Several Dadoxylon species, such as D. brandlingii and D. saxonicum have been identified as Araucarites. D. arberi and D. sp.1 were synonymised with the glossopterid species Australoxylon teixterae and A. natalense, respectively; while D. sp. 2 was transferred to Protophyllocladoxylon.

===Species===
- Agathoxylon arizonicum [=Araucarioxylon arizonicum] Chinle Formation, Arizona, New Mexico, United States Late Triassic
- Agathoxylon africanum (Bamford 1999) [=Araucarioxylon africanum]: Daptocephalus Assemblage Zone, Middleton Formation and Normandien Formation to Cynognathus Assemblage Zone, Burgersdorp Formation and Driekoppen Formation, Beaufort Group, South Africa, and Lebung Group, Botswana
- Agathoxylon agathioides (Kräusel & Jain): La Matilde Formation, Argentina
- Agathoxylon antarcticus (Poole & Cantrill 2001) Pujana et al. 2014 [=A. matildense, Araucarioxylon antarcticus]: Santa Marta Formation and La Meseta Formation, Antarctica
- Agathoxylon arberi (Seward 1919) [=Dadoxylon arberi]
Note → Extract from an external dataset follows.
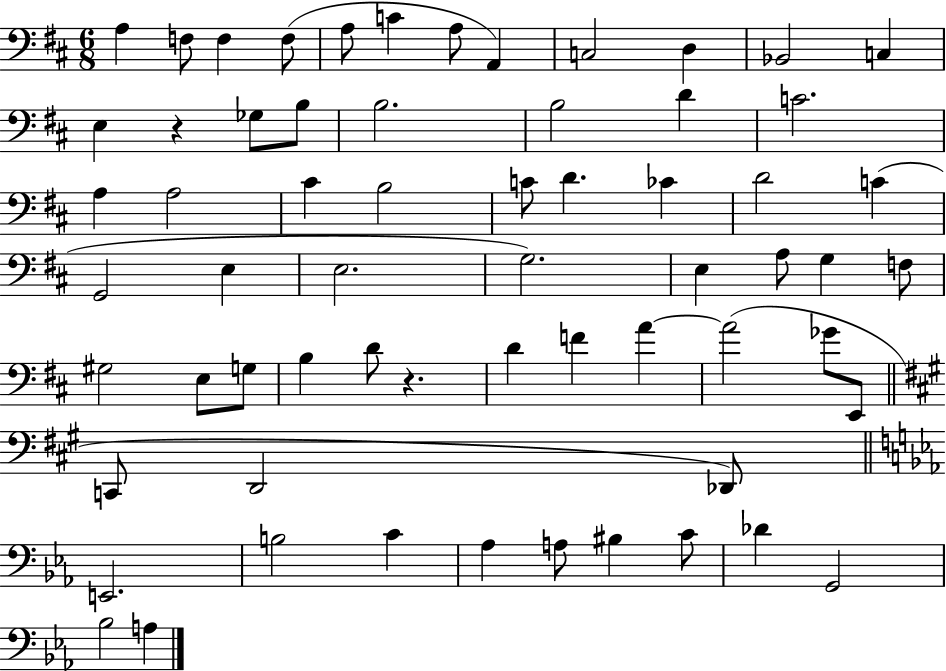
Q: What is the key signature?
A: D major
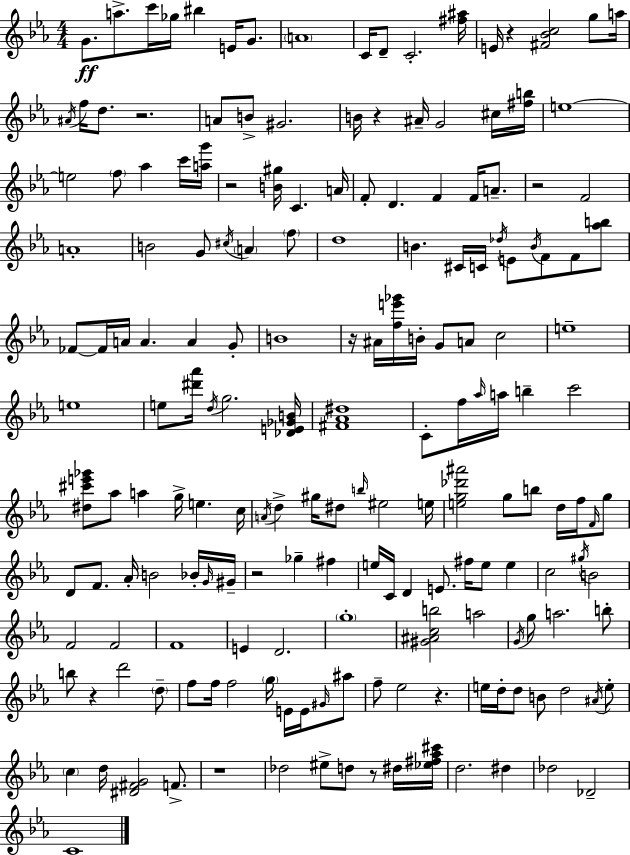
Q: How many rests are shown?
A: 11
- Agathoxylon australe[=Dadoxylon australe]
- Agathoxylon bougheyi Williams [=Dadoxylon bougheyi]: Madumabisa Mudstone Formation, Zambia and Somabula Beds, Zimbabwe
- Agathoxylon cordaianum Hartig 1848
- Agathoxylon desnoyersii (Phillipe 2011) [=Araucarioxylon desnoyersii]
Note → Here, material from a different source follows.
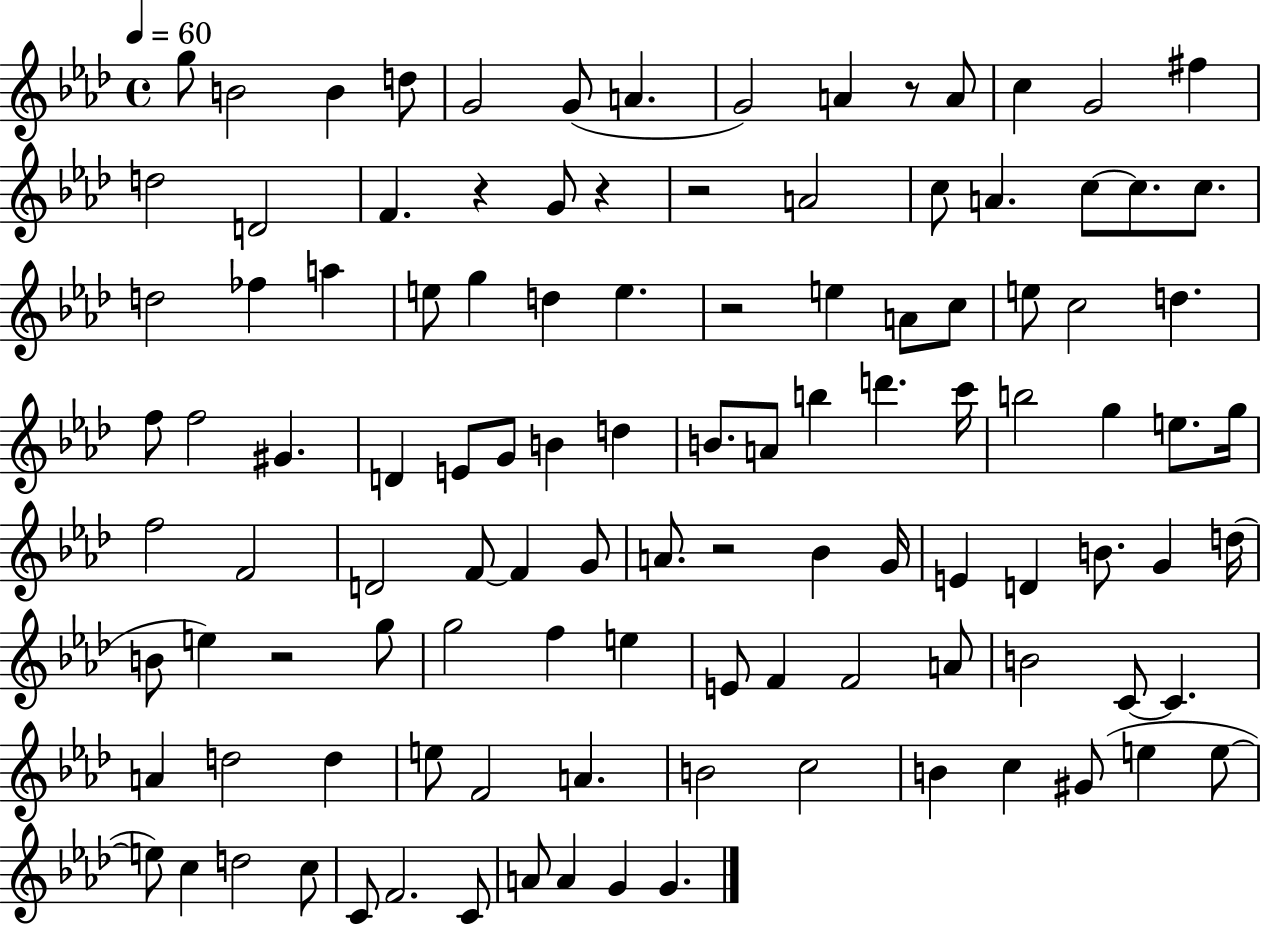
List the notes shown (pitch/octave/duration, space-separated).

G5/e B4/h B4/q D5/e G4/h G4/e A4/q. G4/h A4/q R/e A4/e C5/q G4/h F#5/q D5/h D4/h F4/q. R/q G4/e R/q R/h A4/h C5/e A4/q. C5/e C5/e. C5/e. D5/h FES5/q A5/q E5/e G5/q D5/q E5/q. R/h E5/q A4/e C5/e E5/e C5/h D5/q. F5/e F5/h G#4/q. D4/q E4/e G4/e B4/q D5/q B4/e. A4/e B5/q D6/q. C6/s B5/h G5/q E5/e. G5/s F5/h F4/h D4/h F4/e F4/q G4/e A4/e. R/h Bb4/q G4/s E4/q D4/q B4/e. G4/q D5/s B4/e E5/q R/h G5/e G5/h F5/q E5/q E4/e F4/q F4/h A4/e B4/h C4/e C4/q. A4/q D5/h D5/q E5/e F4/h A4/q. B4/h C5/h B4/q C5/q G#4/e E5/q E5/e E5/e C5/q D5/h C5/e C4/e F4/h. C4/e A4/e A4/q G4/q G4/q.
- Agathoxylon duplicatum (Vogellehner 1965) [=Dadoxylon duplicatum]: Germany
- Agathoxylon jamudhiense (Maheshwari 1963) [=Dadoxylon jamudhiense]: India
- Agathoxylon karooensis (Bamford 1999) [=Araucarioxylon karooensis]: Daptocephalus AZ, Middleton and Normandien Formations, South Africa
- Agathoxylon kellerense (Lucas and Lacey 1984) [=Araucarioxylon kellerense, Dadoxylon kellerense]: Santa Marta Formation, Antarctica
- Agathoxylon lemonii Tidwell & Thayn 1986: Dakota Formation, Utah
- Agathoxylon maharashtraensis (Prasad 1982) [=Dadoxylon maharashtraensis]: India
- Agathoxylon parenchymatosum (Vogellehner 1965) [=Araucarioxylon parenchymatosum, Dadoxylon parenchymatosum]: Forest Sandstone Formation, Botswana
- Agathoxylon pseudoparenchymatosum (Gothan 1908) Pujana et al. 2014 [=Araucarioxylon chilense, A. kerguelense, A. novaezeelandii, A. pseudoparenchymatosum, Dadoxylon kaiparaense, D. kergulense, D. pseudoparenchymatosum]: Santa Marta Formation, Antarctica
- Agathoxylon santacruzense Kloster and Gnaedinger 2018: La Matilde Formation, Argentina
- Agathoxylon santalense (Sah & Jain): La Matilde Formation, Argentina
- Agathoxylon sclerosum (Walton) Kräusel 1956 [=Dadoxylon sclerosum, Kaokoxylon sclerosum]: Malay Peninsula, Dwyka Group to Molteno Formation, Stormberg Group, South Africa, and Ntawere Formation, Zambia
- Agathoxylon termieri (Attims) Gnaedinger & Herbst: La Matilde Formation, Argentina
- Agathoxylon ulmitus Iamandei & Iamandei 2004: Romania
- Agathoxylon woodworthii (Knowlton 1899) [=Dadoxylon woodworthii]: United States

==Distribution==
Agathoxylon is common in many parts of the world, found in sites of both Gondwana and Laurasia and reported from southern Africa, Asia, the Middle East, Europe, South America, and North America.

In southern Africa, Agathoxylon is widespread in the Karoo Supergroup. In Zimbabwe, it is especially encountered in the Pebbly Arkose Formation, and also reported frequently from the Angwa Sandstone Formation.